> _ASSIGNED TASK_:
Give again, unaltered, the lines of the listing below that run from the line having "Büyük Beden 1122646" through the line having "100X60Cm Useful Portable".

> _SOURCE RECORDS_:

——————

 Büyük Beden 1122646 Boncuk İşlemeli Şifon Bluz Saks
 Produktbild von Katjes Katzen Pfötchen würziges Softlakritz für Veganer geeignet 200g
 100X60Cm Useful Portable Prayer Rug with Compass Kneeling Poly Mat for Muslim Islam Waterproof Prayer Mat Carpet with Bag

——————

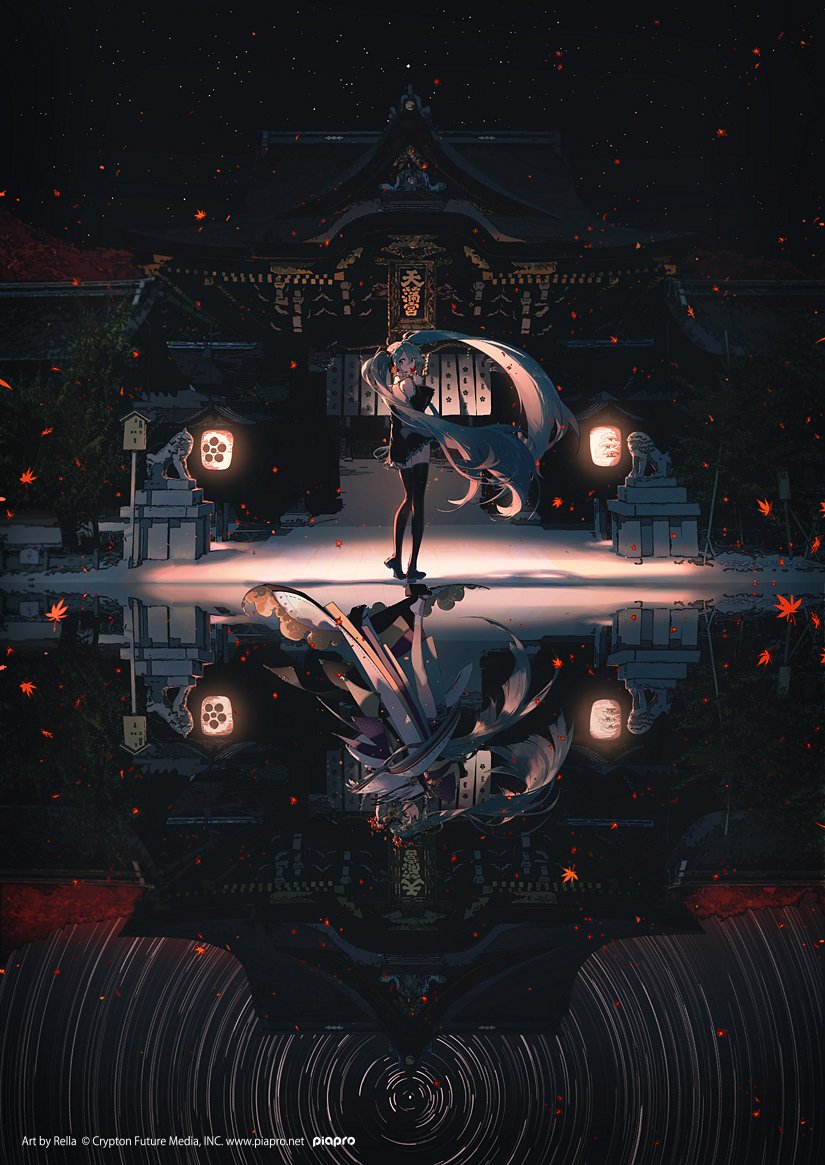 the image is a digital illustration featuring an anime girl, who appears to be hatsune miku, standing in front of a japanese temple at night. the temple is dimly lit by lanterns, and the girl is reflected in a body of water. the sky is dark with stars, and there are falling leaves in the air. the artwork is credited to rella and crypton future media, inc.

——————

> _REPLY TO THE TASK_:
 Büyük Beden 1122646 Boncuk İşlemeli Şifon Bluz Saks
 Produktbild von Katjes Katzen Pfötchen würziges Softlakritz für Veganer geeignet 200g
 100X60Cm Useful Portable Prayer Rug with Compass Kneeling Poly Mat for Muslim Islam Waterproof Prayer Mat Carpet with Bag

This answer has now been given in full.